Data excerpts
______

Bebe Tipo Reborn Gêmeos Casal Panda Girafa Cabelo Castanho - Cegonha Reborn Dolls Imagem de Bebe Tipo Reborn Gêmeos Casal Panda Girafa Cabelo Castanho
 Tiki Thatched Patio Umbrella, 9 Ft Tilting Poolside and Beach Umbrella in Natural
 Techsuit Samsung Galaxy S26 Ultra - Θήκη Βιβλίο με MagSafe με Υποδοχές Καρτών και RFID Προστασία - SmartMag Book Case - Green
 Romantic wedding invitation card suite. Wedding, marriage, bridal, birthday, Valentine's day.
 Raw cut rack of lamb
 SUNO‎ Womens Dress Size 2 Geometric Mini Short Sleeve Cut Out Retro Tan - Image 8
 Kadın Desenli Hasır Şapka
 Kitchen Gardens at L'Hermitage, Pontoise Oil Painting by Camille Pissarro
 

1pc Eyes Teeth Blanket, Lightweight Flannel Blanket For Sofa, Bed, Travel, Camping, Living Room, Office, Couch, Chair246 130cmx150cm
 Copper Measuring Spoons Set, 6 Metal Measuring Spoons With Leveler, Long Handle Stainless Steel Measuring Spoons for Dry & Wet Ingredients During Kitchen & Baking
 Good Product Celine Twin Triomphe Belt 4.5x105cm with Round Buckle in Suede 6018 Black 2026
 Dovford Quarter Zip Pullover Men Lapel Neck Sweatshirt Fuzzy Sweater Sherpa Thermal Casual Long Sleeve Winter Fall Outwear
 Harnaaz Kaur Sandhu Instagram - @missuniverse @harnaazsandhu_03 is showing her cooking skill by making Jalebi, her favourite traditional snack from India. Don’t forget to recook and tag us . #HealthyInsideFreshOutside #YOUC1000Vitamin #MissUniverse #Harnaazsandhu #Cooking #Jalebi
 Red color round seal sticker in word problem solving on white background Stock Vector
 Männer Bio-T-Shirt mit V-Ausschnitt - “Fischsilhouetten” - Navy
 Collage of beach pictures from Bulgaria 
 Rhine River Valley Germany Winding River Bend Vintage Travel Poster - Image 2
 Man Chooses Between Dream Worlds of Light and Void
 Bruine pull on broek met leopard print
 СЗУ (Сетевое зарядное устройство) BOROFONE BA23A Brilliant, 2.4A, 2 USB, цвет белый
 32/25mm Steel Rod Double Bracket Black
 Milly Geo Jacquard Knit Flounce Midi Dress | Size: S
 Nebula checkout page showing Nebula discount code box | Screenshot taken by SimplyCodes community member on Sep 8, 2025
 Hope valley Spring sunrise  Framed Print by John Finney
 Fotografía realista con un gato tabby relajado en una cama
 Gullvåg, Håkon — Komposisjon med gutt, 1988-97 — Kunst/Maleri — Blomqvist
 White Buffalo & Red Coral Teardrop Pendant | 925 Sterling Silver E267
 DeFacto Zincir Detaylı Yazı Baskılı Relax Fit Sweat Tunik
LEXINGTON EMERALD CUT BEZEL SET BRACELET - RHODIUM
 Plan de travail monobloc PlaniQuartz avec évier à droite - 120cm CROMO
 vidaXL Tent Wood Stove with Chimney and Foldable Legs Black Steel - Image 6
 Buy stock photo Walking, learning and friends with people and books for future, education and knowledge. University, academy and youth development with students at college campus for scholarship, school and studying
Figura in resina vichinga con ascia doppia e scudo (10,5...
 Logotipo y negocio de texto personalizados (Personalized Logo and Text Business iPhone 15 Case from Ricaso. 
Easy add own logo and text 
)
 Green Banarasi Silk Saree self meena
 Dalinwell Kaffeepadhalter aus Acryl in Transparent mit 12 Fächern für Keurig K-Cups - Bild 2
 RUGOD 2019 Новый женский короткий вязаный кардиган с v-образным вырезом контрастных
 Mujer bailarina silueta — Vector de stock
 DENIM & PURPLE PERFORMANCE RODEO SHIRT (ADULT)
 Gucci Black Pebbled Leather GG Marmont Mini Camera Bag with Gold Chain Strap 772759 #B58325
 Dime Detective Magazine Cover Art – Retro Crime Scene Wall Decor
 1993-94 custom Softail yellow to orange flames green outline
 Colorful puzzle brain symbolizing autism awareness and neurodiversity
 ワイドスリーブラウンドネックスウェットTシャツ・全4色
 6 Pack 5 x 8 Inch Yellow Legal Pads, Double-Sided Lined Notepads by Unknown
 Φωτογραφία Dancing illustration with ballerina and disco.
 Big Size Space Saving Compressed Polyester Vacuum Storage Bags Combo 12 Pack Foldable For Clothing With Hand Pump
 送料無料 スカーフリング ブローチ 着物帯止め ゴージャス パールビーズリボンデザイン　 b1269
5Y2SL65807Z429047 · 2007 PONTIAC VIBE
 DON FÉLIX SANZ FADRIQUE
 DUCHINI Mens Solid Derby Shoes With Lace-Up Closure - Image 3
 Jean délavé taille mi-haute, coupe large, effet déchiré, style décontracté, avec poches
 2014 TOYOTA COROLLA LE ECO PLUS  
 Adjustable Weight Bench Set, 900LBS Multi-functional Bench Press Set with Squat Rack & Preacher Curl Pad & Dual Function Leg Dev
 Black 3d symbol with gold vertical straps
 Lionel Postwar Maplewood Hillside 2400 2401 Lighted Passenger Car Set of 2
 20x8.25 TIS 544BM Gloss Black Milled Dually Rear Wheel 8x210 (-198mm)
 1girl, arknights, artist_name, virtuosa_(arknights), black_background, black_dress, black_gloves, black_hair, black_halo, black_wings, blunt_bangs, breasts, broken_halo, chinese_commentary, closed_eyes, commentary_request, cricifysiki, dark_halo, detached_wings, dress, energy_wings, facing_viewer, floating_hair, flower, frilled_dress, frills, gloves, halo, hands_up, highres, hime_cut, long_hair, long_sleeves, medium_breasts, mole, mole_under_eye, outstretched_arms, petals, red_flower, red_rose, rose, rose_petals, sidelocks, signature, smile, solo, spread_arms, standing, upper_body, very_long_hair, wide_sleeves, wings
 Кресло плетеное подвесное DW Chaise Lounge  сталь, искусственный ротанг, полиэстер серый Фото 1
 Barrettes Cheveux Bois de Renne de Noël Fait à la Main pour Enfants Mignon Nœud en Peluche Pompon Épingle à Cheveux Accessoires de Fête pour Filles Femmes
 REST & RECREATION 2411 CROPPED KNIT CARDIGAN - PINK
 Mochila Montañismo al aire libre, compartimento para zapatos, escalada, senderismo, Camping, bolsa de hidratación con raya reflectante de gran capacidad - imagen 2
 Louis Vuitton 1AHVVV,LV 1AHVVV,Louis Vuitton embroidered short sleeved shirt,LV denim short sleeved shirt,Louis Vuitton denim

______

About this task: Look through the entries above for the word "Case". Copy every line where it shows up.

Exercise answer:
 Techsuit Samsung Galaxy S26 Ultra - Θήκη Βιβλίο με MagSafe με Υποδοχές Καρτών και RFID Προστασία - SmartMag Book Case - Green
 Logotipo y negocio de texto personalizados (Personalized Logo and Text Business iPhone 15 Case from Ricaso. 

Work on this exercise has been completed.